-------- Data shown

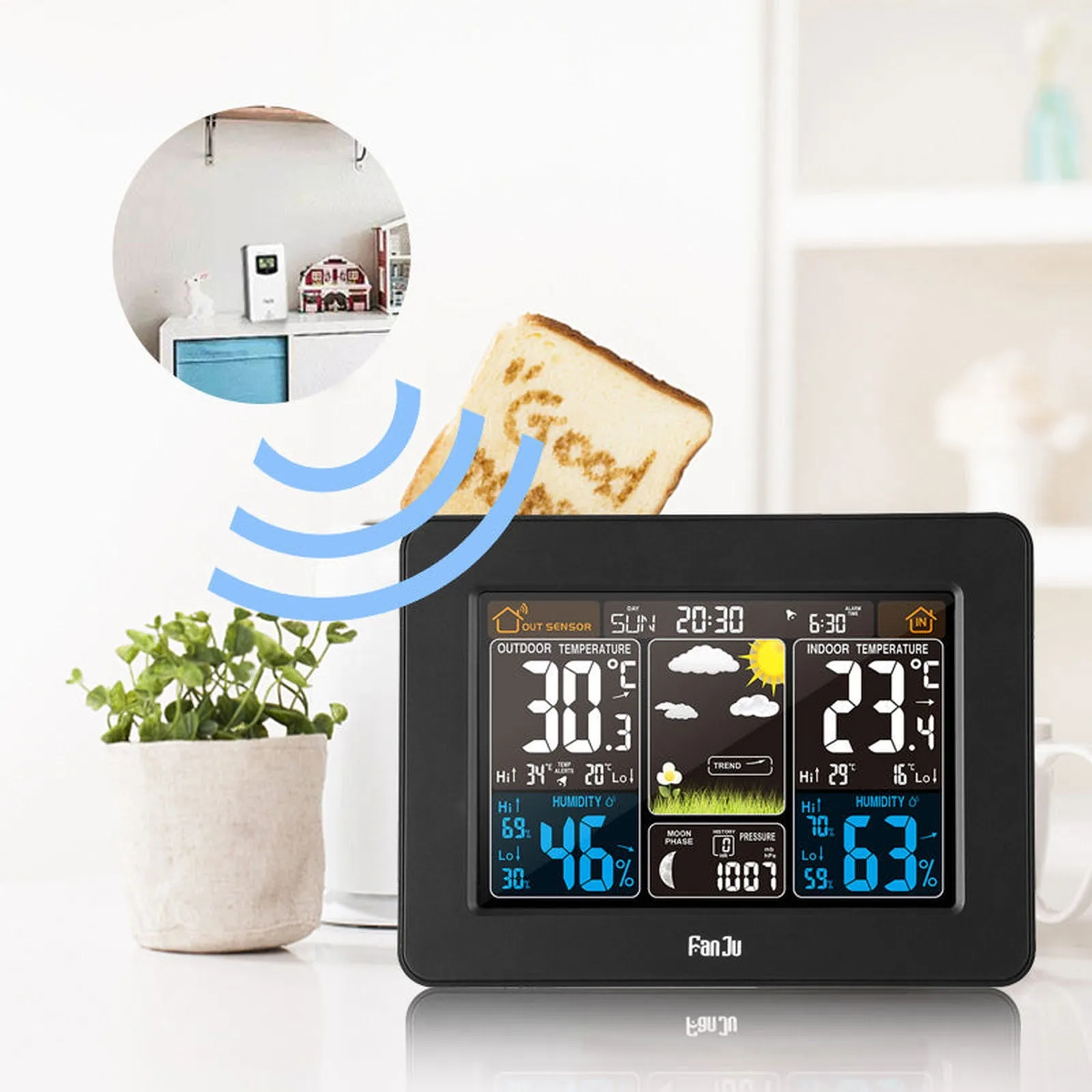 Digital Wireless Home Weather Station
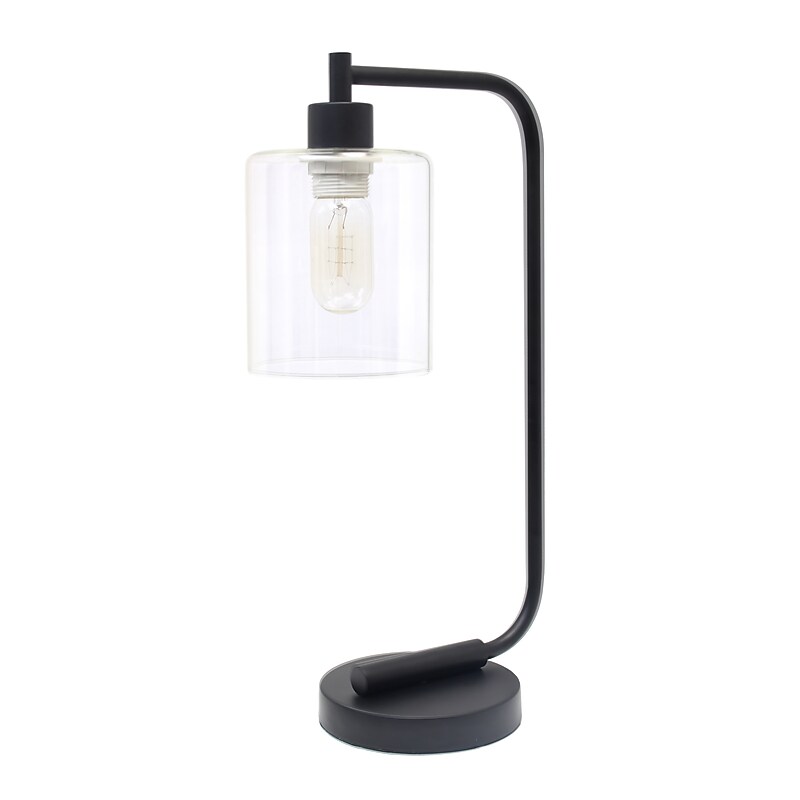 Simple Designs Bronson LED Desk Lamp, 18.8", Black, 4/Pack (LD1036-BLK-4PK) image 1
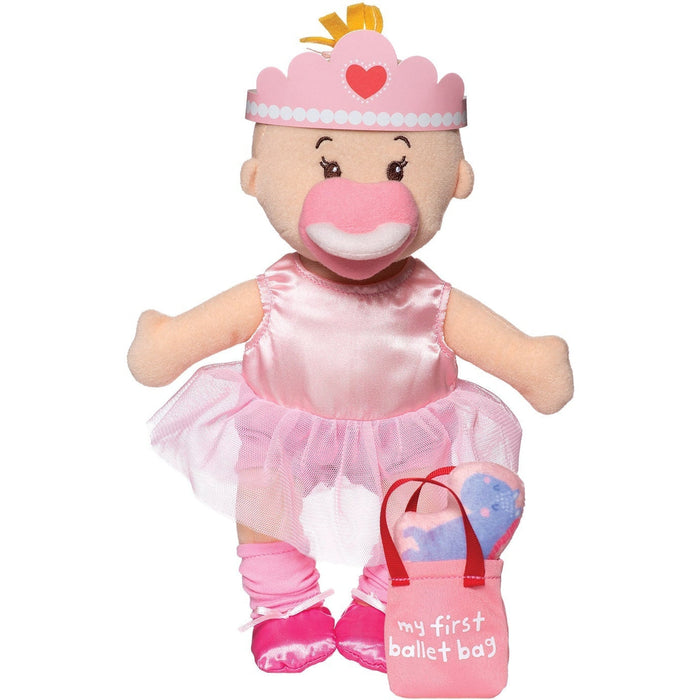 Manhattan Toy Wee Baby Stella peach Tiny Ballerina Set
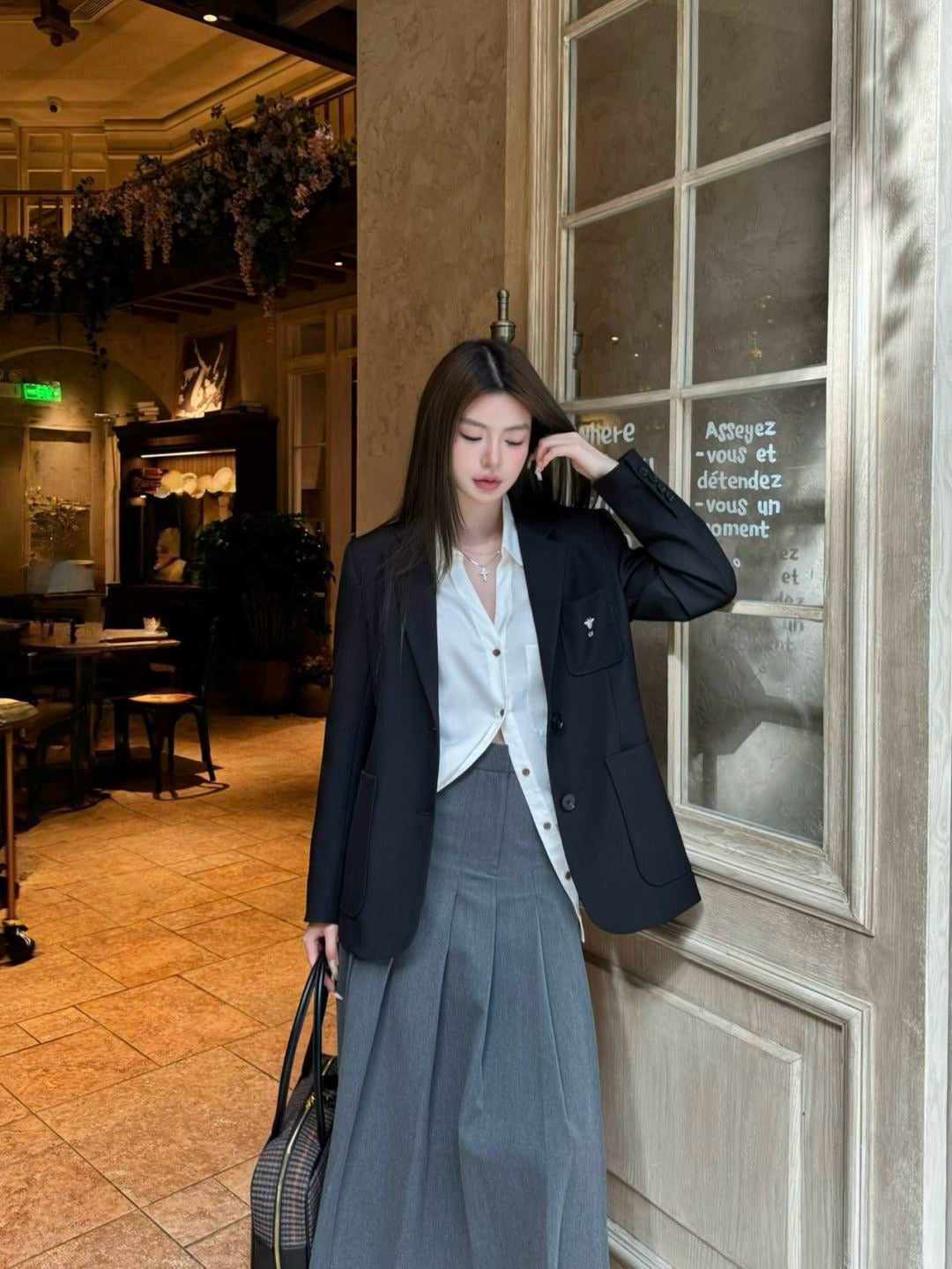 CD 25fw blazer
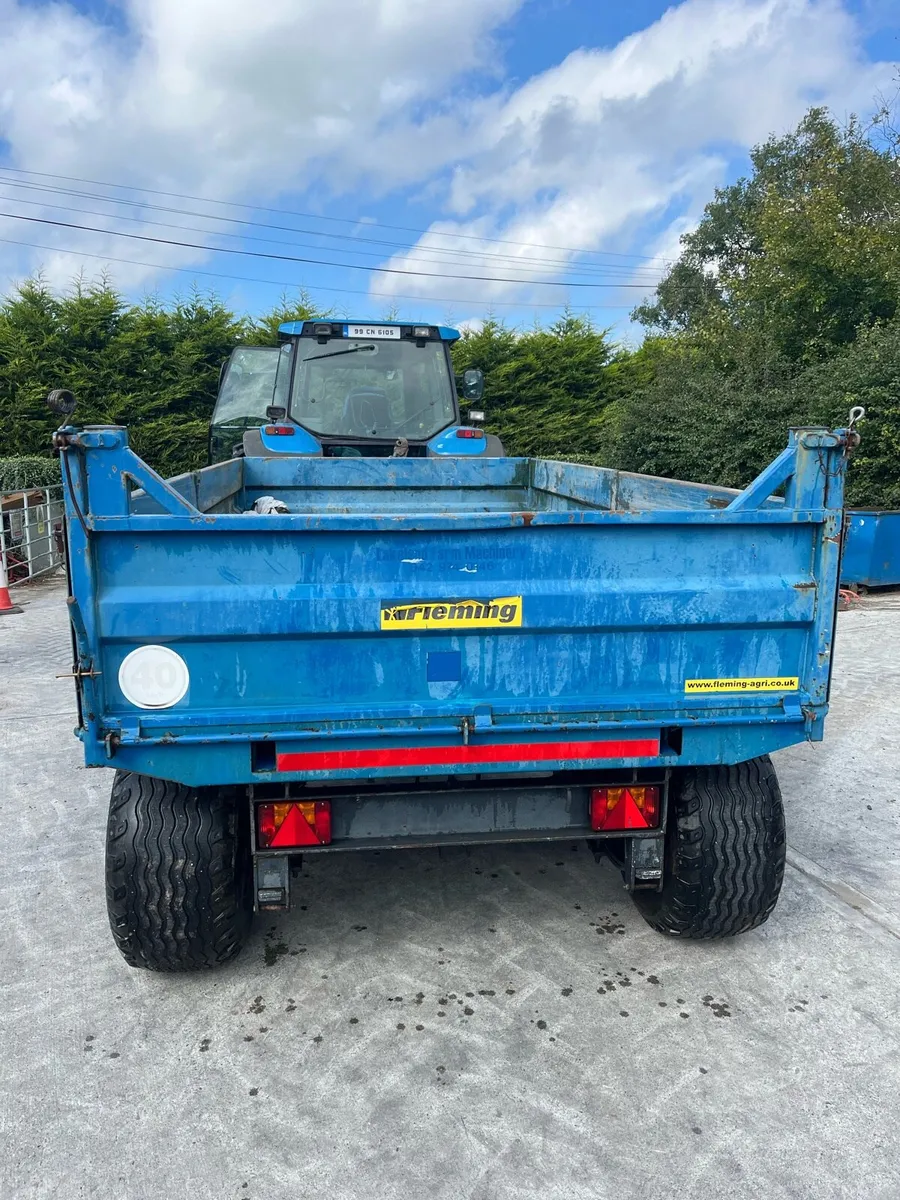 Fleming Tipping Trailer - Image 2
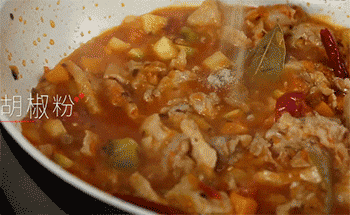 【咖喱饭】加咖喱块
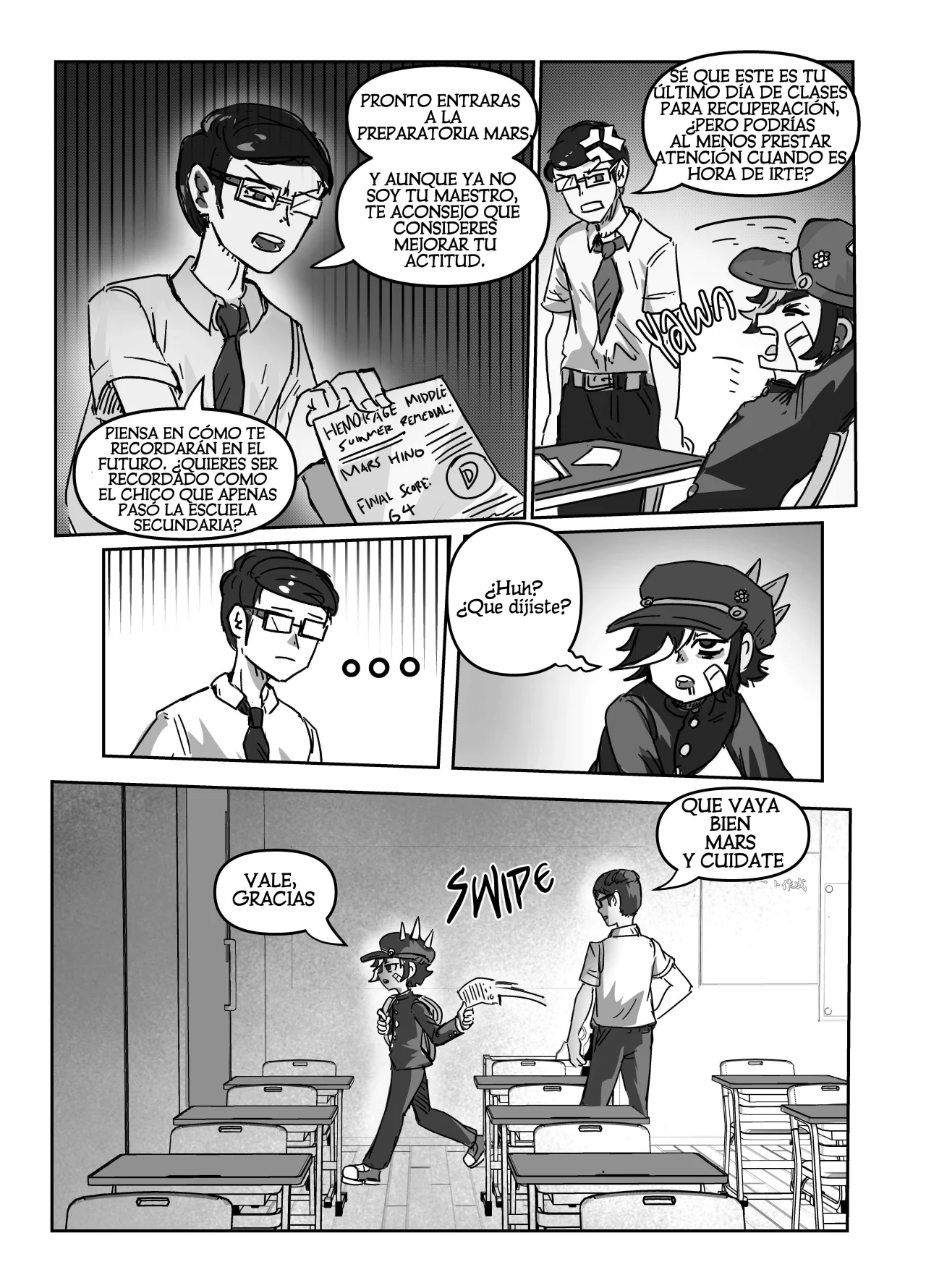 Scarlet Star Capítulo 1 - Page 8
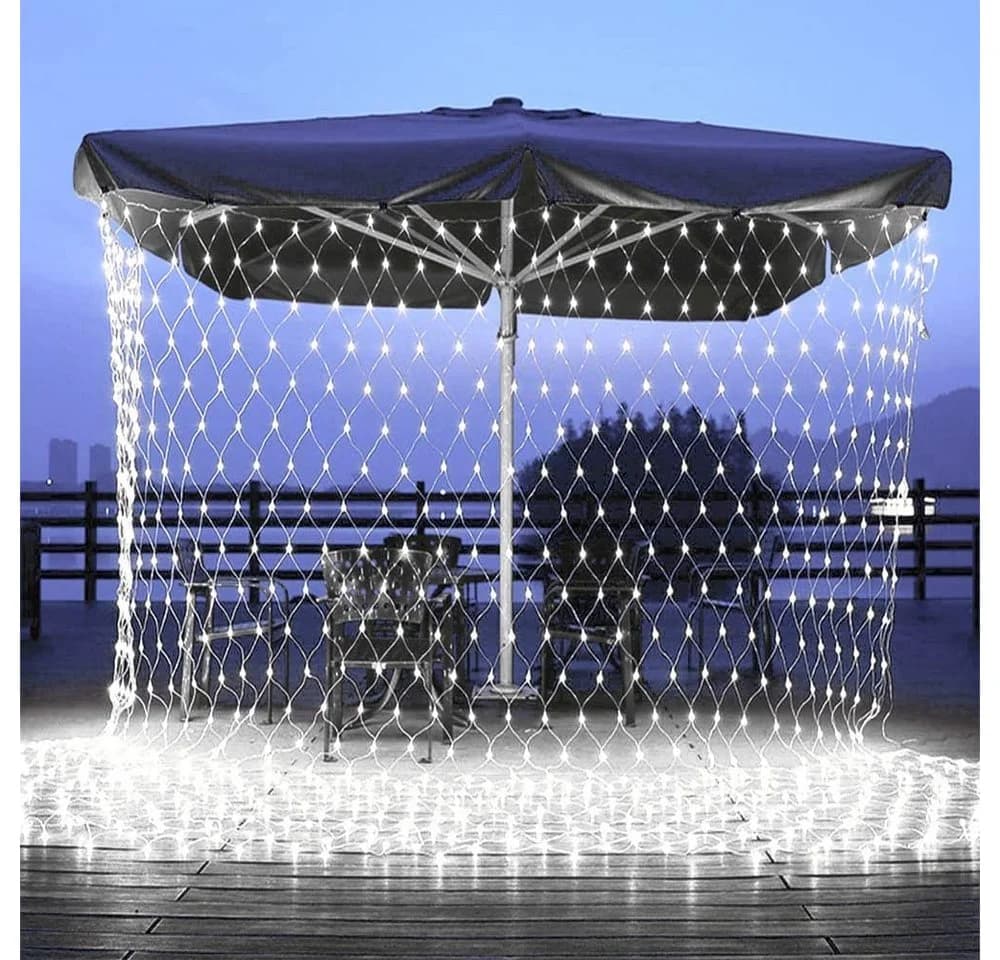 MUPOO LED-Lichternetz Weihnachten Lichterketten - Bild 3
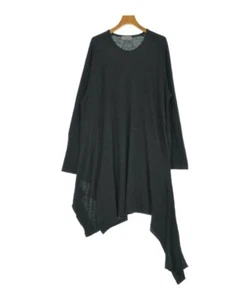 yohji yamamoto POUR HOMME T-shirts/Cut & Sewns Black 3(Approx. M) 2200561359038 - Picture 1 of 7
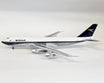 Detailed 1:200 scale die-cast model of a Boeing 747-136 aircraft in BOAC livery.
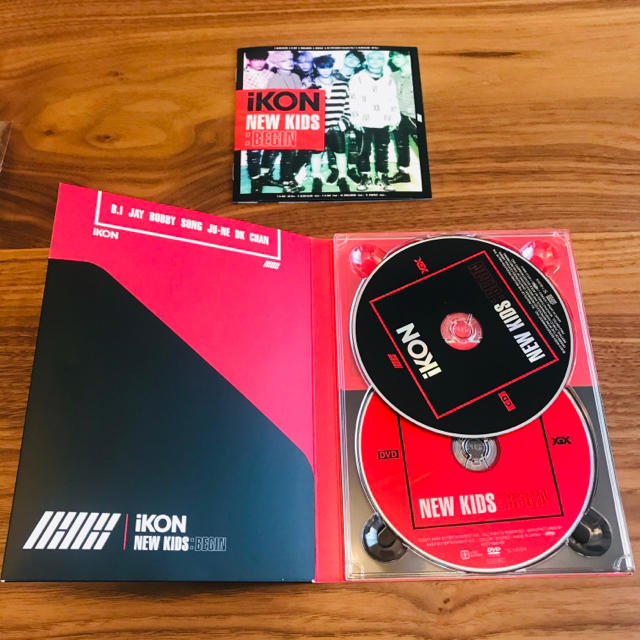 iKON(アイコン)のiKON CD DVD NEW KIDS:BEGIN エンタメ/ホビーのDVD/ブルーレイ(ミュージック)の商品写真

----------------

## Task goal
With pictures left out, extract the lines from the one containing "Fleming Tipping Trailer - Image 2" to the end of the material above, both included, exactly as written.

## Solution to the problem
 Fleming Tipping Trailer - Image 2
 【咖喱饭】加咖喱块
 Scarlet Star Capítulo 1 - Page 8
 MUPOO LED-Lichternetz Weihnachten Lichterketten - Bild 3
 yohji yamamoto POUR HOMME T-shirts/Cut & Sewns Black 3(Approx. M) 2200561359038 - Picture 1 of 7
 Detailed 1:200 scale die-cast model of a Boeing 747-136 aircraft in BOAC livery.
 iKON(アイコン)のiKON CD DVD NEW KIDS:BEGIN エンタメ/ホビーのDVD/ブルーレイ(ミュージック)の商品写真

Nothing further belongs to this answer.